____ DATASET EXCERPTS
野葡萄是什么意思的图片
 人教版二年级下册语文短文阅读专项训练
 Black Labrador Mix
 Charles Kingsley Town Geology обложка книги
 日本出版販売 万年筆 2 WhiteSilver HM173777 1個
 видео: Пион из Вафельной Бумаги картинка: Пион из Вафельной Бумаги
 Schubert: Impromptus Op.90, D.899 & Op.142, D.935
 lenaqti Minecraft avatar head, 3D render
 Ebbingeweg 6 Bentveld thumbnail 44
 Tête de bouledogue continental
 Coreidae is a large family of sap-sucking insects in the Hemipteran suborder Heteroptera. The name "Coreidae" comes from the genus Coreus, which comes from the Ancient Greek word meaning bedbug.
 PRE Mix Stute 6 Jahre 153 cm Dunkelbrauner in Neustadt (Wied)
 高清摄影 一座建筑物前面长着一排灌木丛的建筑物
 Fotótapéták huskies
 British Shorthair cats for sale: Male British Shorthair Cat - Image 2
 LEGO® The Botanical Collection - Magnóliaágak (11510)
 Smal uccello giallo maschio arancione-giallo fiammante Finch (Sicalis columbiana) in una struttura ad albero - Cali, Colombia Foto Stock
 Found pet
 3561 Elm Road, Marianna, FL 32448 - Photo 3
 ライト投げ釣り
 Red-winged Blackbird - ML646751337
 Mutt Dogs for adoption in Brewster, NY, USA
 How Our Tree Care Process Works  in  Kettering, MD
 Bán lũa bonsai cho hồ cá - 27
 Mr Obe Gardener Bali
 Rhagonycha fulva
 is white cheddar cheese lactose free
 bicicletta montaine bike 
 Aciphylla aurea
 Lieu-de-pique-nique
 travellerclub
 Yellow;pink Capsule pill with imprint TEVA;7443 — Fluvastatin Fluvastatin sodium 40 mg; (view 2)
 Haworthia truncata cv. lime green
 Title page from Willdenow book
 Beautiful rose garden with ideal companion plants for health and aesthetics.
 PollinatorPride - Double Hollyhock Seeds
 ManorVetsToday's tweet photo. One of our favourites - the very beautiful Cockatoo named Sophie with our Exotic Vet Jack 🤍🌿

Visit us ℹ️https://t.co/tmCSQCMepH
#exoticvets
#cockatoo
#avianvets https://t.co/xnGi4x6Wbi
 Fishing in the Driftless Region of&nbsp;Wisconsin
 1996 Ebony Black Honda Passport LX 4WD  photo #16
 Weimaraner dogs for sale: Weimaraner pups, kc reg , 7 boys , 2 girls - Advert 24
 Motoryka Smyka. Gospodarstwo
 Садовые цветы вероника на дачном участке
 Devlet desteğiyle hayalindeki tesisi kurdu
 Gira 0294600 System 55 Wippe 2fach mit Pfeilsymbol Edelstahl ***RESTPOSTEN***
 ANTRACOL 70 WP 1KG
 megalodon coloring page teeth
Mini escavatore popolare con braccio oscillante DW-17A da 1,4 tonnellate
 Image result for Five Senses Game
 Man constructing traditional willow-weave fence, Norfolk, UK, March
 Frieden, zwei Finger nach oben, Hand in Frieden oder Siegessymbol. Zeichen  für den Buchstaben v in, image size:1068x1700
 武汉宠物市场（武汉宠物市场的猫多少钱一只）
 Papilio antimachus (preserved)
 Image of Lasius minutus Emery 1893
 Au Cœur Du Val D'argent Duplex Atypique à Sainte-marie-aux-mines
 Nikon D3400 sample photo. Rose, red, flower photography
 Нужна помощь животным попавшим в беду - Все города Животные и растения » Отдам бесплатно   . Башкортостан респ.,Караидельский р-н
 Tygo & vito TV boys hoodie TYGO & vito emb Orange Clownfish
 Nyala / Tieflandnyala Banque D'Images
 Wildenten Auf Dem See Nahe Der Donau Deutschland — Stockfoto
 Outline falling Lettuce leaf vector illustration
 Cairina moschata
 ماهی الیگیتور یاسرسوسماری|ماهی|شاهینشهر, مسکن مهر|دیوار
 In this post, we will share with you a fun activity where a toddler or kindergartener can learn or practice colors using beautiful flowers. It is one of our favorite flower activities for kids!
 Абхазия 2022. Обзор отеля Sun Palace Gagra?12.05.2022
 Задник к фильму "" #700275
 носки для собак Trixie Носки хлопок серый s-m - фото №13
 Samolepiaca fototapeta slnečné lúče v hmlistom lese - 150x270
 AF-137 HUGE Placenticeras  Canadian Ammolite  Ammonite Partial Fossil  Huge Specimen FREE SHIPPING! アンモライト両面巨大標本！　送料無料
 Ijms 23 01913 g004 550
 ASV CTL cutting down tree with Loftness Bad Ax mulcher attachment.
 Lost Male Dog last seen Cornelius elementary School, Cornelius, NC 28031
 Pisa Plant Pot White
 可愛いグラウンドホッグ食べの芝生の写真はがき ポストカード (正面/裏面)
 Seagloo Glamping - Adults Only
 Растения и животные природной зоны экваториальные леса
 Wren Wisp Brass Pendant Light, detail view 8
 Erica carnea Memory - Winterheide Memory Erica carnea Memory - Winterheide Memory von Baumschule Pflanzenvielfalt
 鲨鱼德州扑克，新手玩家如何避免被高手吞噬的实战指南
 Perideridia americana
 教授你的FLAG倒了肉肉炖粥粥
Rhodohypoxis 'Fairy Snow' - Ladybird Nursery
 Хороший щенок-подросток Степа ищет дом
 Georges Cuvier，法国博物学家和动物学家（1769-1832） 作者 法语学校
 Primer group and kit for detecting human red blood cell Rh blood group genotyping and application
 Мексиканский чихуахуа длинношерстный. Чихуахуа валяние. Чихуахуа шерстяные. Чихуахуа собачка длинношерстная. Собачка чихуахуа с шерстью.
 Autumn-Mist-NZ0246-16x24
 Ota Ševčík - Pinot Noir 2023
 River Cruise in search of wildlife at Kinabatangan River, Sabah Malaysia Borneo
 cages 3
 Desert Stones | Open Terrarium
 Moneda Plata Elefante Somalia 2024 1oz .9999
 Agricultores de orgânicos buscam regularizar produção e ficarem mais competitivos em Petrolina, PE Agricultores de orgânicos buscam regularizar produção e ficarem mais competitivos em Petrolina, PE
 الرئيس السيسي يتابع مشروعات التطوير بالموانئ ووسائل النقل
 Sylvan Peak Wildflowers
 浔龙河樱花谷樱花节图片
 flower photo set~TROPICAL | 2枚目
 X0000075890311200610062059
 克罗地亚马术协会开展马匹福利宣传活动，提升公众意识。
________
What you write must be the entries restated word for word, from the opening line through the one holding "Mutt Dogs for adoption in Brewster, NY, USA", with nothing else.

## WRITTEN SOLUTION
野葡萄是什么意思的图片
 人教版二年级下册语文短文阅读专项训练
 Black Labrador Mix
 Charles Kingsley Town Geology обложка книги
 日本出版販売 万年筆 2 WhiteSilver HM173777 1個
 видео: Пион из Вафельной Бумаги картинка: Пион из Вафельной Бумаги
 Schubert: Impromptus Op.90, D.899 & Op.142, D.935
 lenaqti Minecraft avatar head, 3D render
 Ebbingeweg 6 Bentveld thumbnail 44
 Tête de bouledogue continental
 Coreidae is a large family of sap-sucking insects in the Hemipteran suborder Heteroptera. The name "Coreidae" comes from the genus Coreus, which comes from the Ancient Greek word meaning bedbug.
 PRE Mix Stute 6 Jahre 153 cm Dunkelbrauner in Neustadt (Wied)
 高清摄影 一座建筑物前面长着一排灌木丛的建筑物
 Fotótapéták huskies
 British Shorthair cats for sale: Male British Shorthair Cat - Image 2
 LEGO® The Botanical Collection - Magnóliaágak (11510)
 Smal uccello giallo maschio arancione-giallo fiammante Finch (Sicalis columbiana) in una struttura ad albero - Cali, Colombia Foto Stock
 Found pet
 3561 Elm Road, Marianna, FL 32448 - Photo 3
 ライト投げ釣り
 Red-winged Blackbird - ML646751337
 Mutt Dogs for adoption in Brewster, NY, USA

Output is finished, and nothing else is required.